PROBLEM DETAILS: From the material below, reproduce exactly the stretch of lines that begins with the line holding "Apple Brand Leather" and ends with the line holding "MODO by Roncato", skipping the pictures.

GIVEN RECORDS:
= = =

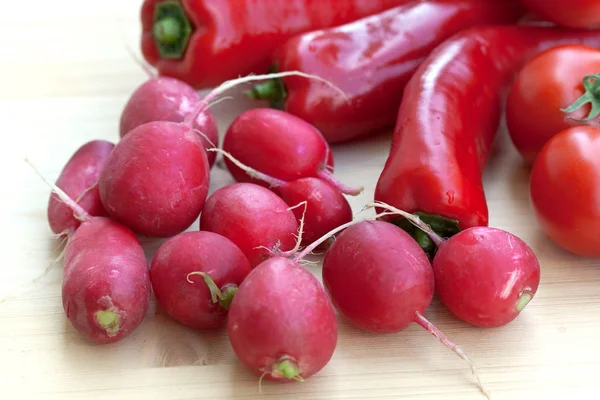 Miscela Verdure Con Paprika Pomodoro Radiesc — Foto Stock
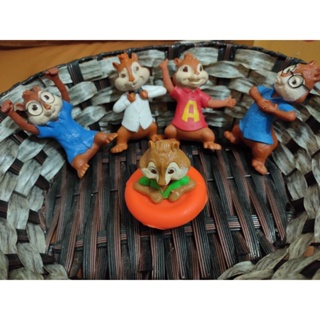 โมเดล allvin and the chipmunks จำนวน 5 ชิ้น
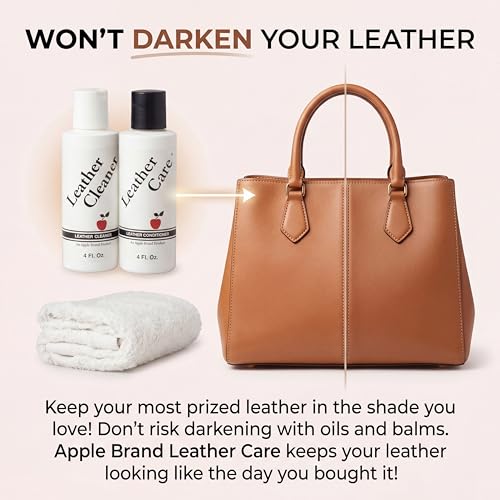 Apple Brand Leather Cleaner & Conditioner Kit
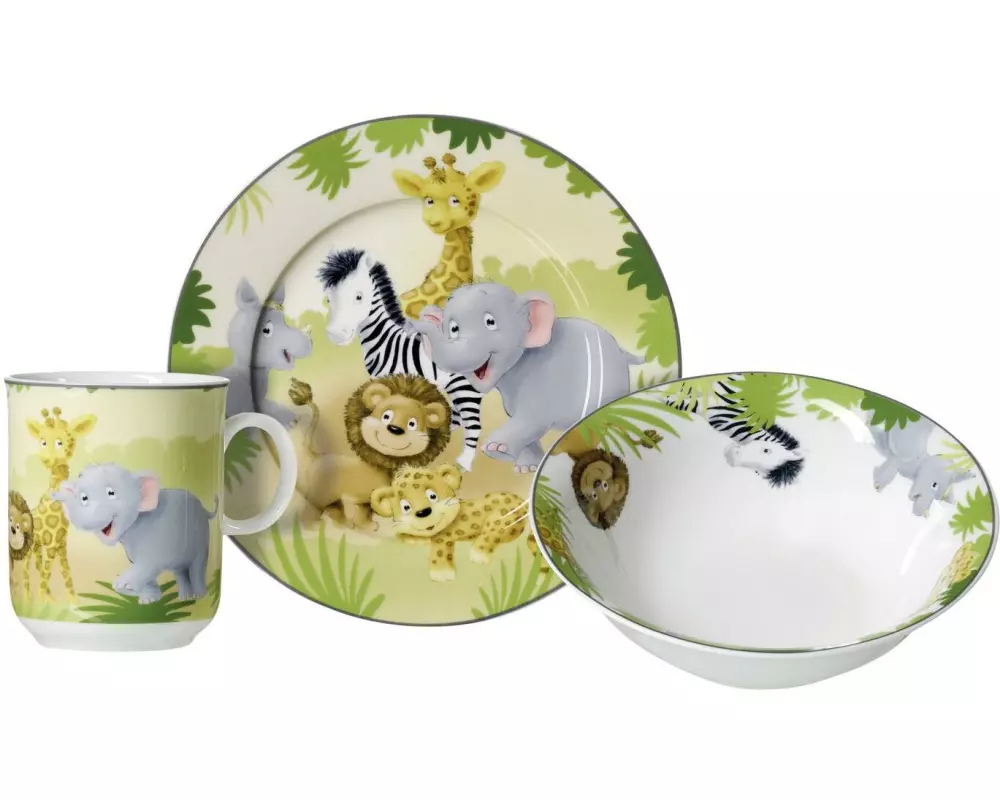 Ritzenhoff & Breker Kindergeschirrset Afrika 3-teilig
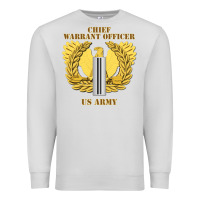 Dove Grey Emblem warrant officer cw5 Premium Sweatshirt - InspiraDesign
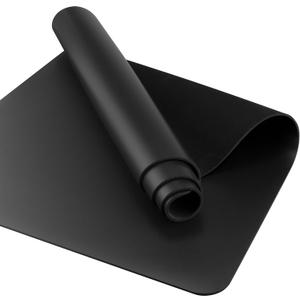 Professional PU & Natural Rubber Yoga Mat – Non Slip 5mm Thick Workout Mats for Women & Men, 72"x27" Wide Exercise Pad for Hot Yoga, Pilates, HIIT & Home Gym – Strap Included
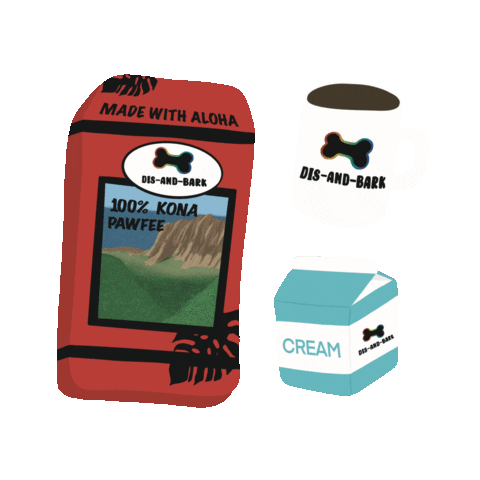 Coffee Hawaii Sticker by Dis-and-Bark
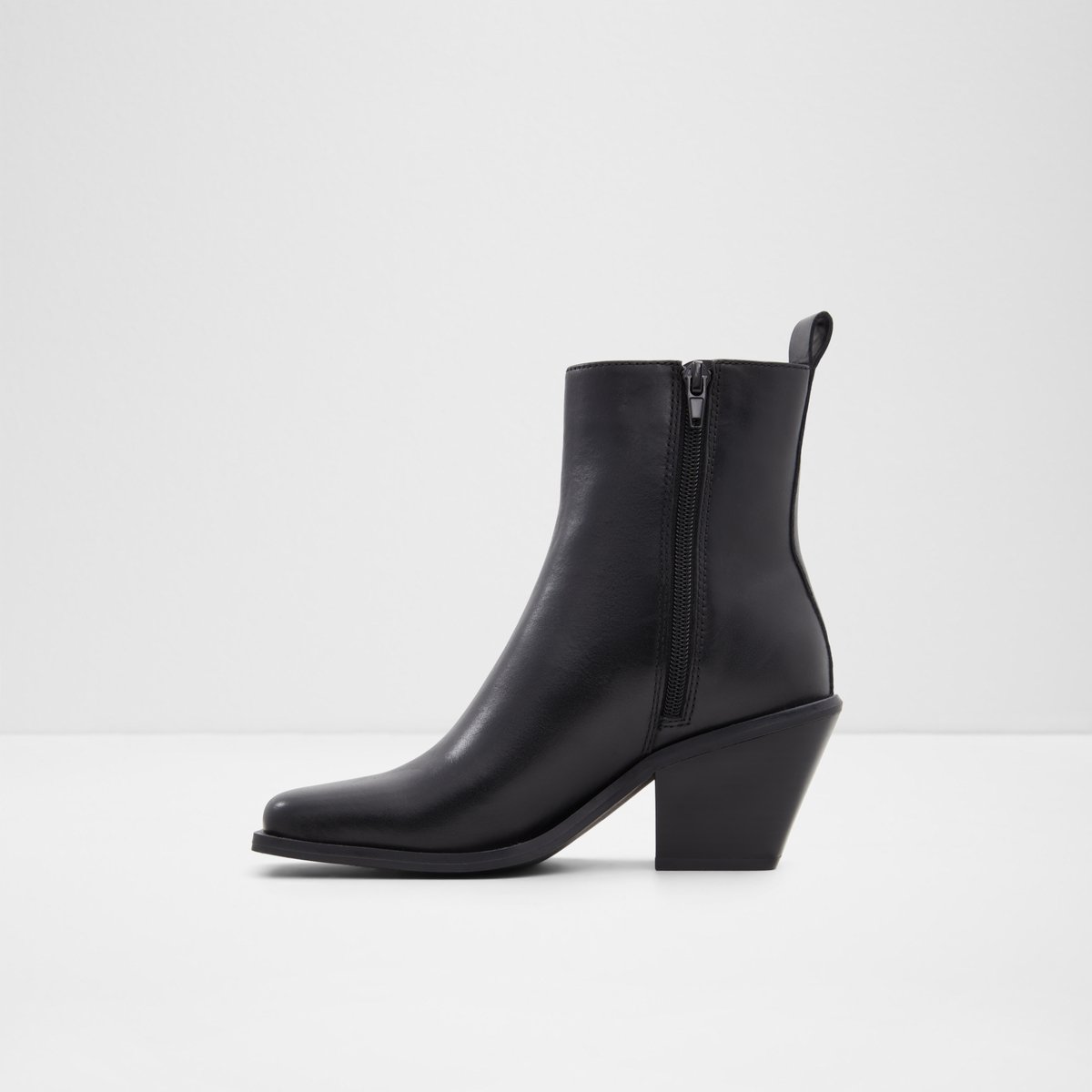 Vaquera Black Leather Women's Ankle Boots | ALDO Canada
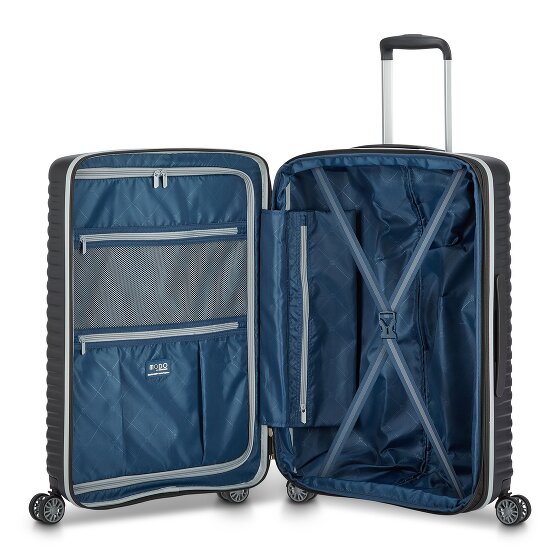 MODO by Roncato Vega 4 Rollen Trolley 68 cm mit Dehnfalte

= = =

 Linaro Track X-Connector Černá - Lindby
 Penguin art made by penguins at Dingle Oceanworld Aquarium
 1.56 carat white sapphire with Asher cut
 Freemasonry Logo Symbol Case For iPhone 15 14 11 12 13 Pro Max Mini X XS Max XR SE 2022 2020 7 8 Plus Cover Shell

= = =

EXERCISE RESPONSE:
 Apple Brand Leather Cleaner & Conditioner Kit
 Ritzenhoff & Breker Kindergeschirrset Afrika 3-teilig
 Dove Grey Emblem warrant officer cw5 Premium Sweatshirt - InspiraDesign
 Professional PU & Natural Rubber Yoga Mat – Non Slip 5mm Thick Workout Mats for Women & Men, 72"x27" Wide Exercise Pad for Hot Yoga, Pilates, HIIT & Home Gym – Strap Included
 Coffee Hawaii Sticker by Dis-and-Bark
 Vaquera Black Leather Women's Ankle Boots | ALDO Canada
 MODO by Roncato Vega 4 Rollen Trolley 68 cm mit Dehnfalte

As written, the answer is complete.